[Task directions]
Pictures excluded, reproduce exactly the lines below from the one with "Gisela Modern and" through the one with "600 x 550mm", both included.

[Information]
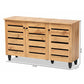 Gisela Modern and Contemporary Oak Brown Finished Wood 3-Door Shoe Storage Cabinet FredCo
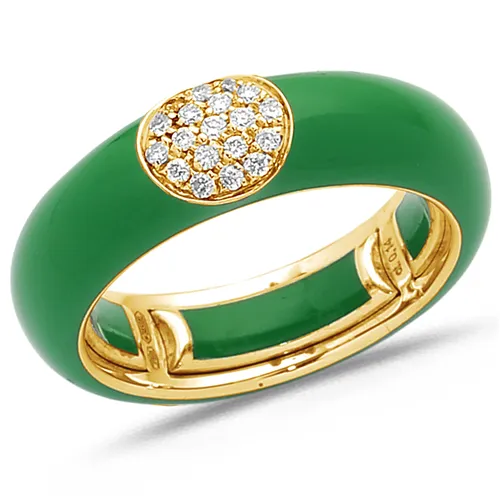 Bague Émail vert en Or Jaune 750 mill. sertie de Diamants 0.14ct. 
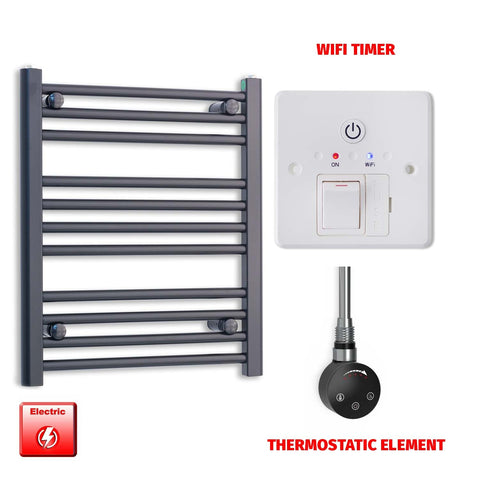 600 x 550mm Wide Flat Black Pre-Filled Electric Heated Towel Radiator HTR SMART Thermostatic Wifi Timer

* * *

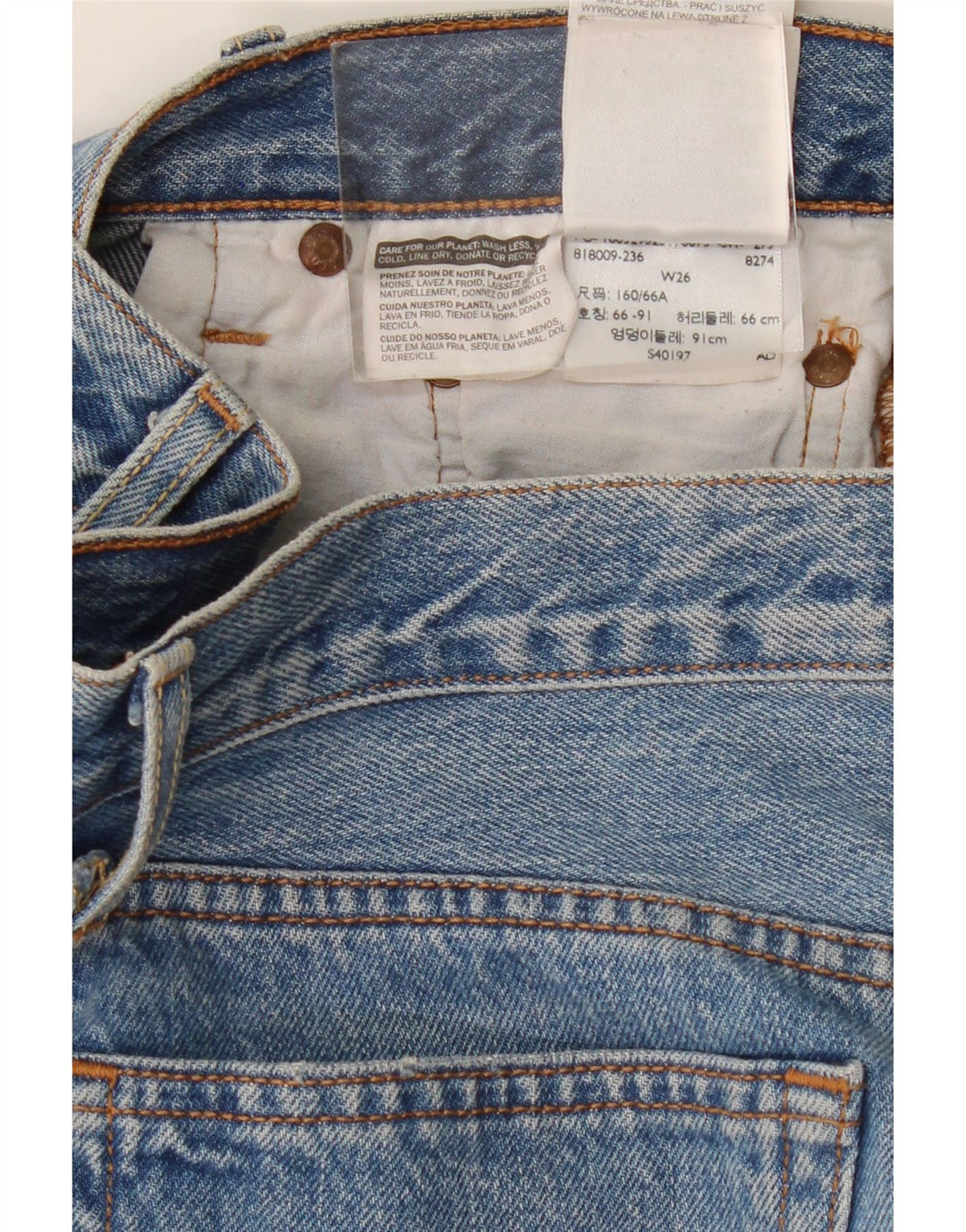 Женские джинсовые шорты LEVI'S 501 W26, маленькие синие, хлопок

[Task answer]
 Gisela Modern and Contemporary Oak Brown Finished Wood 3-Door Shoe Storage Cabinet FredCo
 Bague Émail vert en Or Jaune 750 mill. sertie de Diamants 0.14ct. 
 600 x 550mm Wide Flat Black Pre-Filled Electric Heated Towel Radiator HTR SMART Thermostatic Wifi Timer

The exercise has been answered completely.